A notable contradictory result is that Engagement has negative coefficients across domains—surface-level proxies for psychological involvement do not correlate reliably with persuasiveness, challenging the assumption of their universal benefit for persuasion.

Limitations

PI models rhetorical strategies visible in text, but cannot capture audience-state, source reputation, or extra-textual dynamics (e.g., prior beliefs, relational context). The current lexicon/rule-based implementation only partially operationalizes pragmatics, irony, and discourse-level phenomena. While modular, extending PI to multimodal/multilingual or spoken language settings will demand substantial development. Variability in some dimensions, especially for sparse signals, illustrates the need for ongoing lexicon refinement and larger annotated datasets.

Broader Implications and Future Directions

PI addresses longstanding calls in computational persuasion for interpretable, theory-driven explanatory frameworks [bassiDecodingPersuasionSurvey2024]. It facilitates interdisciplinary research, content analysis, and manipulation checks in social science and AI safety. By offering a modular, extensible foundation, PI opens the door to cumulative feature development—including hybrid rule-based/LLM-aided sub-feature detection and potentially cross-lingual expansion.

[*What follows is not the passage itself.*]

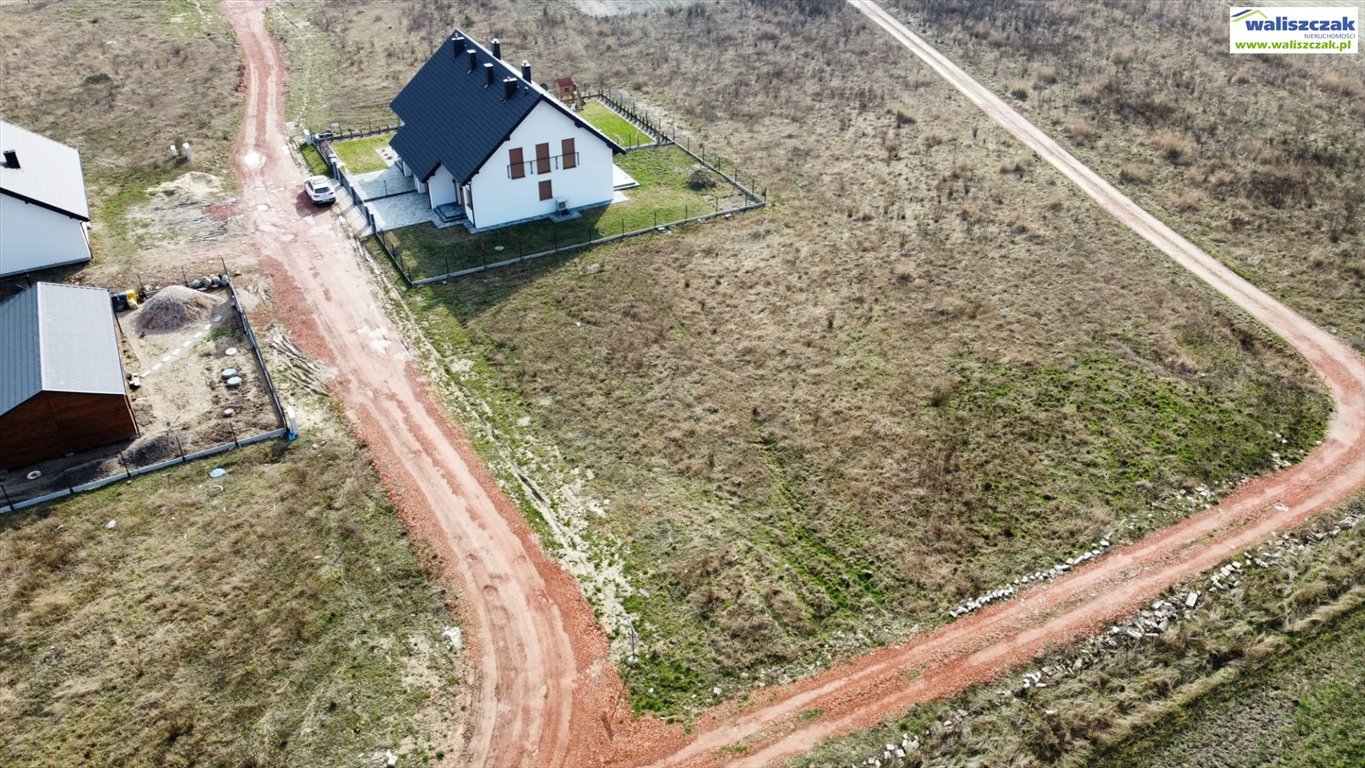 Działki Michałów 1600m2 z wodą i prądem, szeroka na 42m Michałów  1 600m2 Foto 1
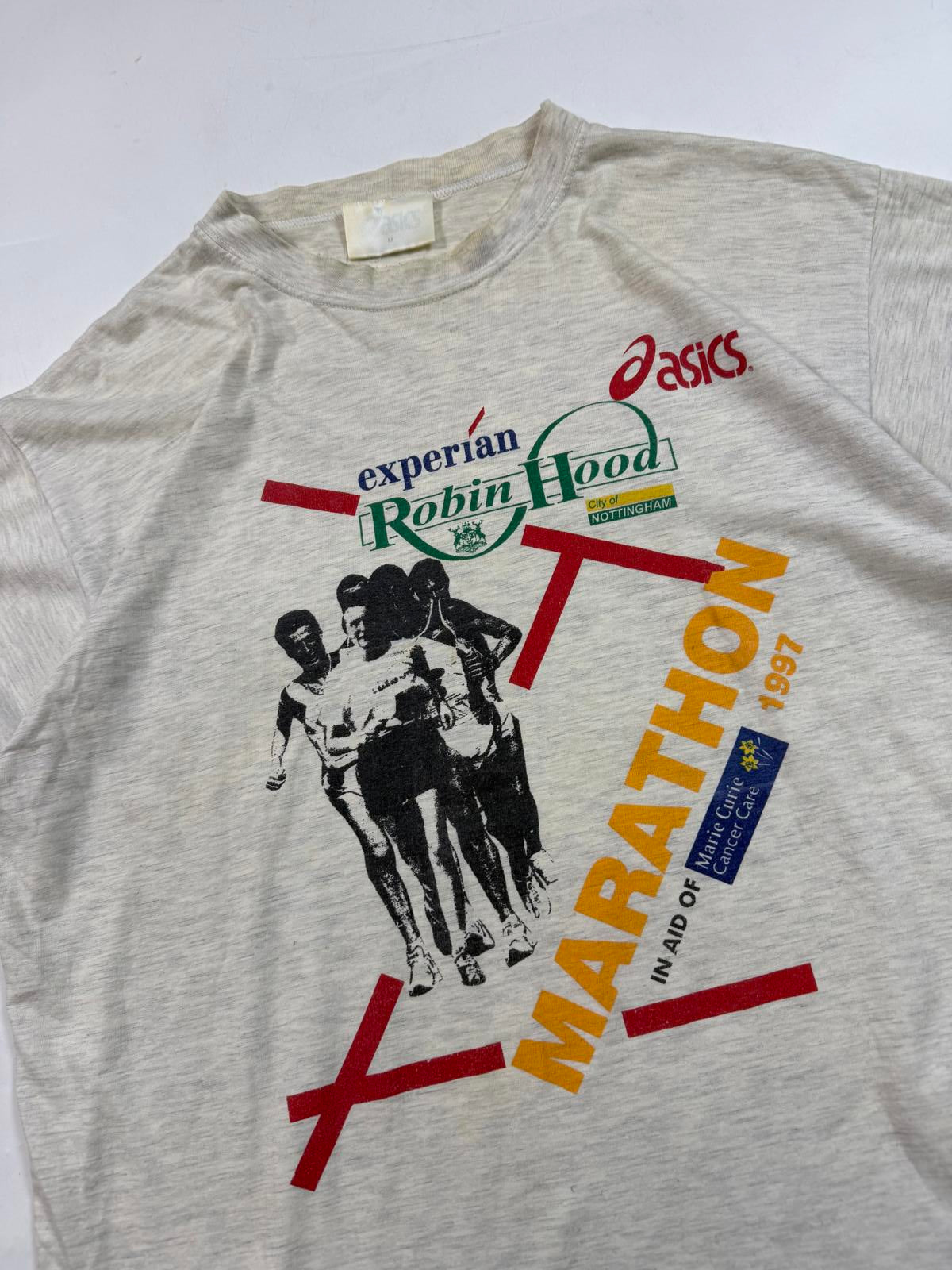 Vintage 90s Asics Robin Hood marathon graphic tee (M)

As LLMs increasingly generate, personalize, and evaluate persuasive rhetoric, robust auditing and systematic explication of deployed persuasive strategies become ever more crucial [hackenburgLeversPoliticalPersuasion2025], [salviConversationalPersuasivenessGPT42025]. PI's transparent, modular structure provides an essential toolkit for these challenges, and helps bridge the gap between predictive power and interpretability that has hampered progress in computational persuasion research. Figure 4

Figure 4: The seven most impactful PI-mean dimensions on persuasion outcomes, highlighting regular cross-domain but context-sensitive coefficients.

Conclusion

The Persuasion Index sets a new standard for computational persuasion analysis: grounded in established theoretical constructs, operationalized with interpretable features, and empirically validated across varied settings. Its open-source release ensures reproducibility and community extensibility, offering a principled scaffold for future study of both human and AI-mediated persuasion. PI’s modularity and interpretability position it as an essential tool—not only for academic research but for practical auditing, comparative analysis, and safe deployment of persuasive technology.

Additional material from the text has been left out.